- Freeway portion of Wade Avenue in purple, surface road in red

Route information
- Length: 6.1 mi (9.8 km)

Major junctions
- West end: I-40 near Raleigh
- I-440 / US 1 in Raleigh; NC 50 / US 70 in Raleigh;
- East end: US 401 / US 70 / NC 50 in Raleigh

Location
- Country: United States
- State: North Carolina
- County: Wake

Highway system
- North Carolina Highway System; Interstate; US; State; Scenic;

= Wade Avenue =

Roadway in Raleigh, North Carolina

Wade Avenue is an artery corridor, located in Raleigh, North Carolina. The corridor is divided under the Raleigh Beltline (I-440), in which the stretch between Interstate 40 (west) to Interstate 440 (east) is a freeway. East of I-440, Wade Avenue is a boulevard-expressway hybrid, which with a blend of both at-grade and grade-separation. The entire route is internally designated as Secondary Road 1728 (SR 1728) from I-40 to Glenwood Avenue, however it is not signed as such. The short piece east of Glenwood Avenue carries U.S. Route 70 and North Carolina Highway 50.

==Route description==
Wade Avenue begins at a modified Y-interchange with I-40 in West Raleigh and continues as a four-lane freeway, known locally as the Wade Avenue Extension. From here, the freeway continues southeast along mostly wooded areas and approaches a modified diamond interchange with Edwards Mill Road, providing access to Lenovo Center and the Carter–Finley Stadium. The highway then curves to a more easterly direction as it approaches another diamond interchange with Blue Ridge Road, which provides motorists access to the State Fairgrounds (home of the annual North Carolina State Fair, North Carolina State University's College of Veterinary Medicine, and the North Carolina Museum of Art. Wade Avenue continues east toward a complex interchange with I-440/US 1, resulting in the end of the freeway stretch of Wade Avenue. Continuing east, Wade Avenue becomes the four-lane arterial surface highway, coming to the pair of at-grade intersections which serve the Ridgewood section of the city, before the road downgrades and proceeds through a hilly terrain, passing by mostly residential neighborhoods for the next two miles. After coming to the cloverleaf exit with Oberlin Road, Wade Avenue returns to a southeasterly direction, near notable state offices. Another exit comes, with the U.S. Route 70 (US 70) and North Carolina Highway 50 (NC 50) interchange. From here, the two highways overlap with Wade Avenue until it ends with the interchange with U.S. Route 401 (Capital Boulevard), half mile later.
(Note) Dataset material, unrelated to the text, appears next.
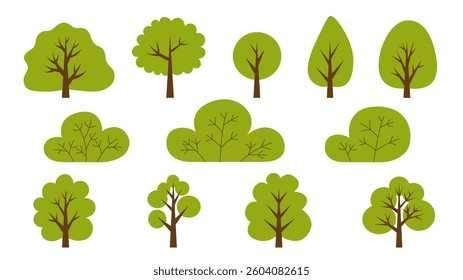 Vector trees collection isolated on a white background. Simple flat design. Elements for a poster, banner or card. Forest landscape. Trees icons set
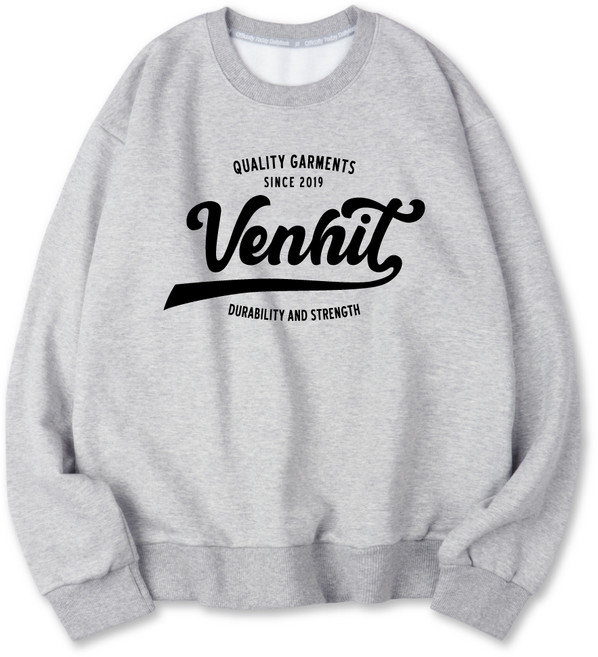 VENHIT 校園logo半寬鬆版型特殊雙面布料大尺碼大學T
In this vicinity, US 70 and NC 50 join US 401 heading south toward downtown Raleigh.

==History==

The highway was named after Senator Benjamin Wade, a prominent anti-slavery figure, at a time when it passed through a Black neighborhood built in the 1870s. The eastern mostly-boulevard section was finished by the mid 20th century, while the western freeway stretch would be finished in the 1980s. Prior to the completion of I-40 to South Raleigh (and on to Wilmington), and the southern portion of the Beltline (I-440), I-40 was temporarily signed along the then recently finished western segment, where it terminated at the Raleigh Beltline, which was then just U.S. Highway 1/64.

== Major intersections ==

| mi | km | Destinations | Notes |
| 0 | 0.0 | I-40 – Wilmington, Durham | Western terminus; exit 289 on I-40 |
| 1.2 | 1.9 | Edwards Mill Road | Access to Lenovo Center and Carter–Finley Stadium |
| 2.2 | 3.5 | Blue Ridge Road | Access to State Fairgrounds, NC Museum of Art, and Veterinary School |
| 3.0 | 4.8 | I-440 / US 1 – Wake Forest, Sanford | Exit 3 B/C on I-440 |
Eastern end of freeway section
| 4.9 | 7.9 | Oberlin Road | Interchange; access to Village District |
| 5.8 | 9.3 | US 70 west / NC 50 north (Glenwood Avenue) | Interchange; west end of concurrency with US 70 and NC 50 |
| 6.1 | 9.8 | US 401 / US 70 east / NC 50 south (Capital Boulevard) | Interchange; eastern terminus |
1.000 mi = 1.609 km; 1.000 km = 0.621 mi Concurrency terminus;

== See also ==
- Hillsborough Street, which runs parallel to Wade Avenue to the south.